Come on, Linux's scheduler has long been known to have performance problems once you have a lot of processes/threads... for example, read this paper [linuxalpha.org] [text version [216.239.39.100]] (appropriately subtitled "How I Learned to Love the Alpha and Hate the Scheduler"):
Moderators, don't be Slashbots, moderating according to the groupthink. Educate yourselves, and you'll be better moderators, and better people.Re:Alternative headline (Score:3, Insightful)
Likewise, threading support under Linux has been oriented towards what the developers considered sane: a fairly small number of threads. They had good reasons for considering that the right way to do it - for a start, it worked nicely for what they wanted, and it was sufficiently simple that they didn't have to put in lots of complex code. Further, it's almost never a good idea to have a program architecture that requires very large numbers of threads - it generally only shows up in naive code where people simply don't understand the problems it brings. So, as far as the kernel developers were concerned, stupid people hurting themselves wasn't something to put any effort into amelioriating. This has changed recently, as people have started using Linux in areas where this kind of thing
You need to understand the reasoning behind a lot of these decisions before you can start complaining about them. First and foremost, you simply
himi
Re:Alternative headline (Score:2, Insightful)

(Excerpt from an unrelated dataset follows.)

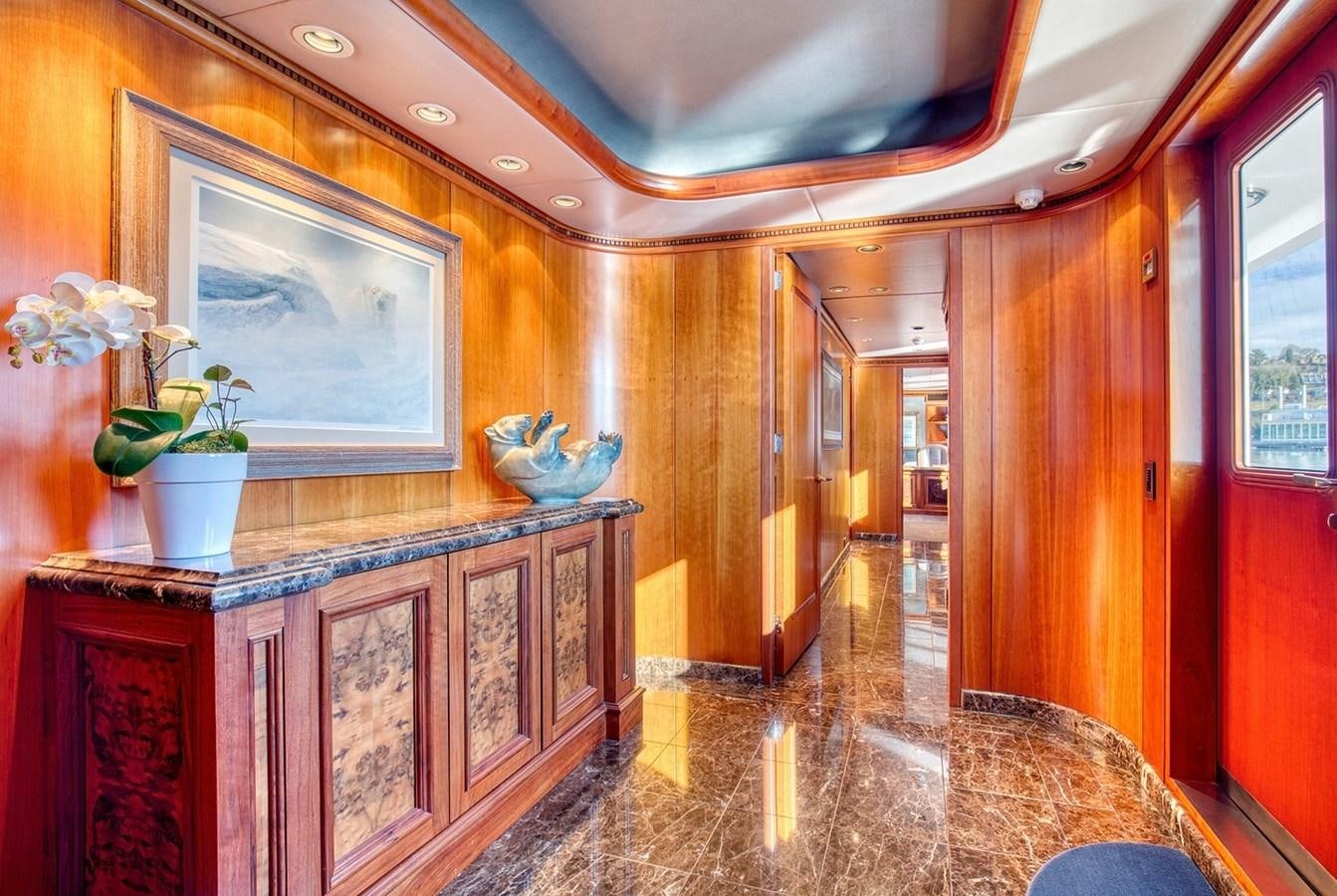 a room with a large mirror and a wood cabinet aboard ICE BEAR Yacht for Sale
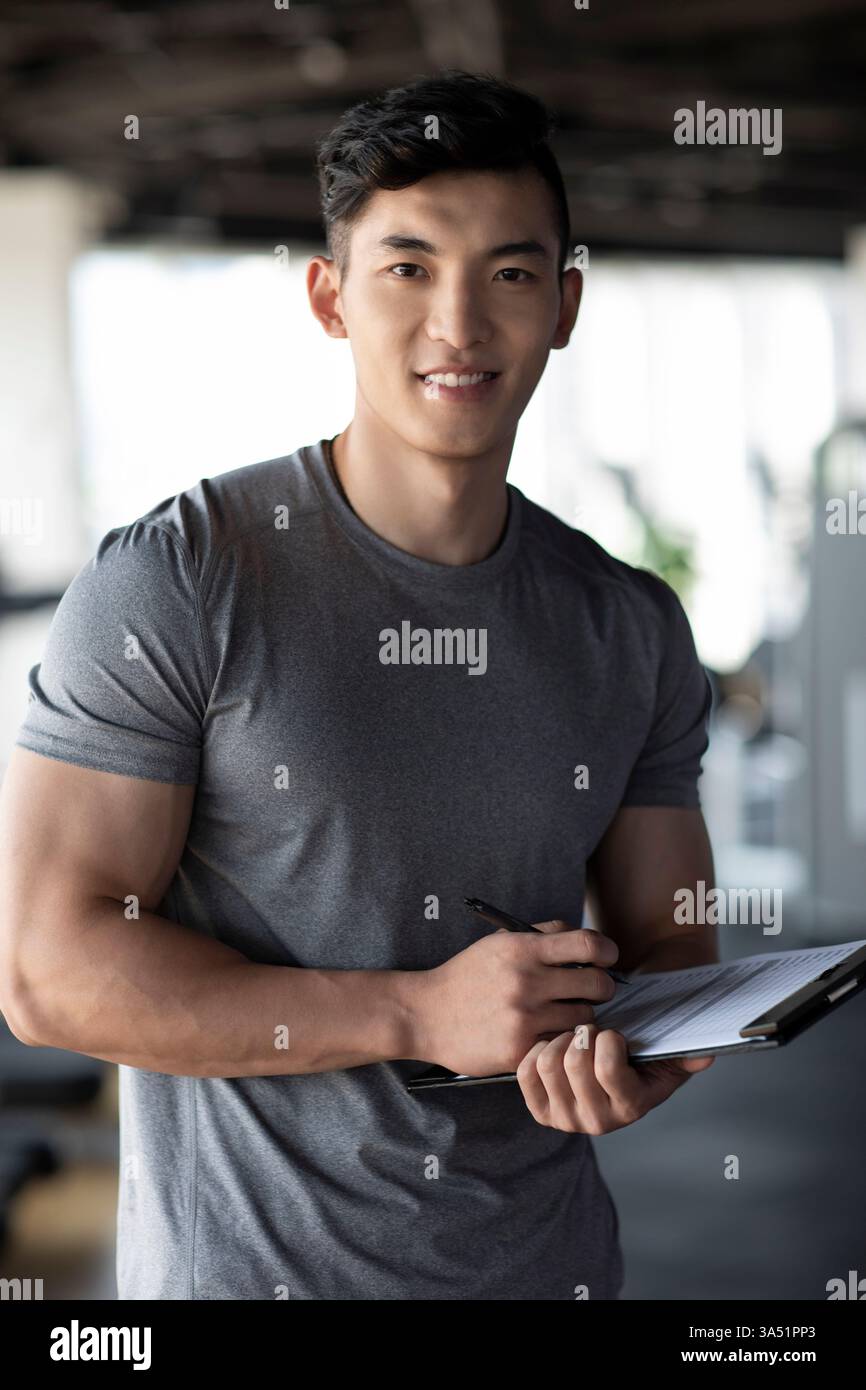 Un instructeur chinois de fitness souriant se tient debout dans une salle de gym, tenant un presse-papiers. Cette image de style portrait convient aux campagnes de coaching de fitness, de santé et de bien-être. Idéal pour les programmes de gymnastique, l'entraînement personnel et le contenu de bien-être. Banque D'Images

I think I'll just slam XP performance based off of NT benchmarks and aricles. What the hell, thier both from MS the argument must be a valid.
Get a grip!
Re:How long before (Score:2)
Speeding The Net is an excellent book about Netscape vs Microsoft, in case anybody cares (it's been a long while since I read it, thus why my date memory is rusty).
Re:How long before (Score:2)
Wrong in every respect.
First Mosaic was not the 'Ur browser'. Tim's NextStep browser was. Mosaic was browser number 15 or so. The significant things about Mosaic were that 1) it actually compiled without having to hack the code yourself or mess with 6 different support packages like tkwww and 2) it was the first X-Windows browser that did not look really amateur.
Second, Netscape does not contain any code from Mosaic, although it was written by the same main author - Eric Bina. NCSA sold the commercial rights to Mosaic to Spyglass.
Third IE was originally based on the Spyglass code, so if any browser is 'the direct descendant' it would be IE. Go look at the 'about' box on IE, although the original Mosaic actually had more lines of CERN code than NCSA code which were never acknowledged.
Re:Ur browser??? (Score:2, Informative)
Anyway, and I'm really not well qualified to answer this, Ur was an ancient city-state from which a prominent ancestral of the Jewish-Christian-Islamic heritage (Abraham, if I'm not wrong).
This city, IIRC already found, was sumerian (I'm not sure about this), the folks who are said to be the inventors of the wheel, among other neat things.
So an Ur browser would be the primeval browser, in other words.
Upon writing a note, one must be sure it will be understood; nonetheless, the "Ur" mention boosted the note level way up. All in all, I think it was great and I'm all for it.
But explanations as these sometimes become necessary.
Re:hmm (Score:2)
My name is ingo Molnar.
You kill -15 my parent process - Prepare to die.